The name of this visual disturbance is derived not from the Alaskan governor, but from Greek, "Palin" meaning "again," and "opsia" meaning "seeing."
The sufferers see afterimages, sometimes fleetingly "positive" ones true to the original, often protracted "negative" ones that invert what is actually there. The afterimages are usually accompanied by "visual snow."
The Palin from the land of actual snow seems to suffer from much the same syndrome in her political vision.
Palin starts with a fragment of truth, such as Obama having fleeting contact with a one-time radical who had since become a prominent professor.
Via the Sarah Syndrome, Obama becomes a big buddy of domestic terrorists.
And, without her ever having to say it, this stirs up the old stuff about him really being a Muslim.
"No, maam," McCain said. "He's a decent family man, citizen that I happen to have disagreements with on fundamental issues and that's what this campaign is all about."
That from the McCain, who approves scurrilous TV campaign ads, who chose Palin as his running mate, who lets her continue stirring up justifications for people who do not own up to the real reason they dislike Obama.
That woman in Lakeville was not about to get up and say Obama, "is, uh, uh, he's black."
Not that all or even most supporters of McCain or Palin are racists. Some firefighters and cops whom I respect as much as anybody alive are big Palin fans, seeing her as a true representative of America's working people.

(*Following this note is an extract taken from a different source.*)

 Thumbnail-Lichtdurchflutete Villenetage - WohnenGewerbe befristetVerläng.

Obama's remark about people clinging to their guns and religion did not make it any easier for a liberal puke such as myself who finds much better company in a firehouse than a Manhattan cocktail party.

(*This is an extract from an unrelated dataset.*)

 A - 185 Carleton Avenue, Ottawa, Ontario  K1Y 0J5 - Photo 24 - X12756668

Obama is not the pal of terrorists that the Sarah Syndrome would have you believe.
I was originally alerted to the aptly named disorder by a researcher friend who cannot forgive the Bush administration for cutting funding to the point of driving a whole generation of researchers from science.

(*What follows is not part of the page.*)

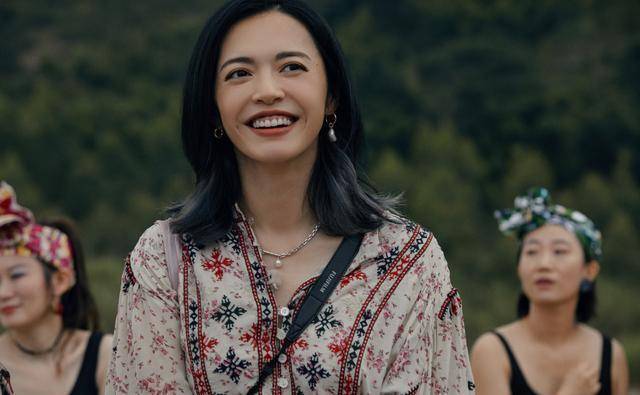 41岁姚晨真懂打扮,一袭碎花裙穿得慵懒又知性,中年女人都学着点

The future of science as well as the economy and health care and our two wars truly are fundamental issues of prime importance to all of us.
McCain is shaky on the economy in particular. And money trumps even race among enough voters to make the difference.
What the campaign is really all about for McCain is winning. Witness his choice of Sarah Palin in the first place.
Tina Fey made it seem hilarious. But, even Fey stops seeing the joke at the prospect of Palin becoming one aging heartbeat from the presidency.
Let's hope we do not get a hard lesson in Palin-ooops-ia!